In England and Scotland, James attempted to bring the two kingdoms together gently, through means such as universal citizenship (the 1604 Post-Nati law) and the attempted mixing of the English and Scottish aristocracy at his court. In Ireland his most significant impact was felt and he truly began to experiment. After 1607, James encouraged the migration of English and Scots to Ireland to settle on land the Crown had forcefully confiscated, with the vast majority settling in Ulster. The project was managed so that equal numbers of Scottish and English settlers were sent to Ireland, with the intention that the three populations would intermingle and inter-marry. He attempted to simulate the cross border migration and cultural hybridisation that he sought throughout his three kingdoms, a test case. There was a precedent for this in the Iberianisation of South America by the Spanish and it convinced James of how successful this form of social engineering could be.
Just as he sought to destroy social borders, he also had an ideology which intended to break political barriers between his kingdoms. He conceptualised his three kingdoms as an empire, in a far more traditional sense than his successors, a single political unit, ruled over by a single imperial leader, an extension of the Stuart’s imperial past. He worked to break the clan system in Scotland, whilst implementing English and Scottish systems of government in Ireland. He believed himself to be working to secure for ‘posterity this flourishing worthy and great empire’ and at his coronation he was portrayed as ‘James I, Emperor of the whole island of Britain and King of France and Ireland’. Thus to James, Britishness was about unity beyond the merely political, it was to be an empire of one people, destroying the previously existing nationalities.
The reception for these ideas however, was lukewarm.
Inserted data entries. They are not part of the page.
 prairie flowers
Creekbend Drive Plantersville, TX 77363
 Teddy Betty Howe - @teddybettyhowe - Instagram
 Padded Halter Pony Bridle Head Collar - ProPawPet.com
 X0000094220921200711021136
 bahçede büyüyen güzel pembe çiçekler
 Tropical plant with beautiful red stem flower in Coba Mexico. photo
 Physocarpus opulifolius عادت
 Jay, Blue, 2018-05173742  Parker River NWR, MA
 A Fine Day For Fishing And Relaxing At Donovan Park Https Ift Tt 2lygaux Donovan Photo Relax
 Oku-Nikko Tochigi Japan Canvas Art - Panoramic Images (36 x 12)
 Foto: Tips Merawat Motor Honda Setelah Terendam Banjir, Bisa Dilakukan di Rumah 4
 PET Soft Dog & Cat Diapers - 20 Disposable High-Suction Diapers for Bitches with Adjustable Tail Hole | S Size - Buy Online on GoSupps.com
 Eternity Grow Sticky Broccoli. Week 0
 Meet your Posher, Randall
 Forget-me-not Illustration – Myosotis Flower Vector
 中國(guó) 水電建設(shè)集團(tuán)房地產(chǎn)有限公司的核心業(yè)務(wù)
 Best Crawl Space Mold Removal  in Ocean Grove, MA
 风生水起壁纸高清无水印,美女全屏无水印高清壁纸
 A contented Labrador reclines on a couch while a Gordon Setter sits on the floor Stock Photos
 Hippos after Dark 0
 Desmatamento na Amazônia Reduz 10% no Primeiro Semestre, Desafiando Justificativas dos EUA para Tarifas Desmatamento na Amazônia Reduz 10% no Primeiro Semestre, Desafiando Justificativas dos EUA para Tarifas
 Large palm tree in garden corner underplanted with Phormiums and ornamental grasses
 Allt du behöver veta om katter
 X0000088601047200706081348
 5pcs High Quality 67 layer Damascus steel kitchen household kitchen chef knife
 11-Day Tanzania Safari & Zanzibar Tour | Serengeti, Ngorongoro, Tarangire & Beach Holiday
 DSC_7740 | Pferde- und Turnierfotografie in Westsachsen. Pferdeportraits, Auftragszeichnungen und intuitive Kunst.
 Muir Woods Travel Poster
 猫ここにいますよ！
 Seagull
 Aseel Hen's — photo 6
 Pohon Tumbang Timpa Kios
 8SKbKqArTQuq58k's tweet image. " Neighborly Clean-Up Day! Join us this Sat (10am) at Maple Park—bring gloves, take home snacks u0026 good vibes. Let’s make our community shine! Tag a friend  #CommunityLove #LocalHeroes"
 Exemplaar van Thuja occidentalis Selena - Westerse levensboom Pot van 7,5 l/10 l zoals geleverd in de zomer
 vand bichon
Crucially he was unsuccessful at convincing his heirs to continue his project, who instead of emphasising integration between all the three kingdoms, sought to dominate Scotland and Ireland, drawing the centre of cultural and political authority into England. He should not, however, be regarded as ineffectual, as the results of his ideology can be seen in Northern Ireland to this day. What is clear is that nobody has since shared the extent of James’s enthusiasm. While he was able to set in motion the process that led to union in 1707, the idea of a people who were exclusively British died with him. The limited nature of the subsequent pursuit of purely political and economic union can still be seen today, as when the political reasons for union begin to dissipate, Britishness is built on shaky foundations. Union in the end was never a cultural process as James imagined it, but a political one and English, Scottish and Welsh identities persevere to this day, remaining a challenge to the British project.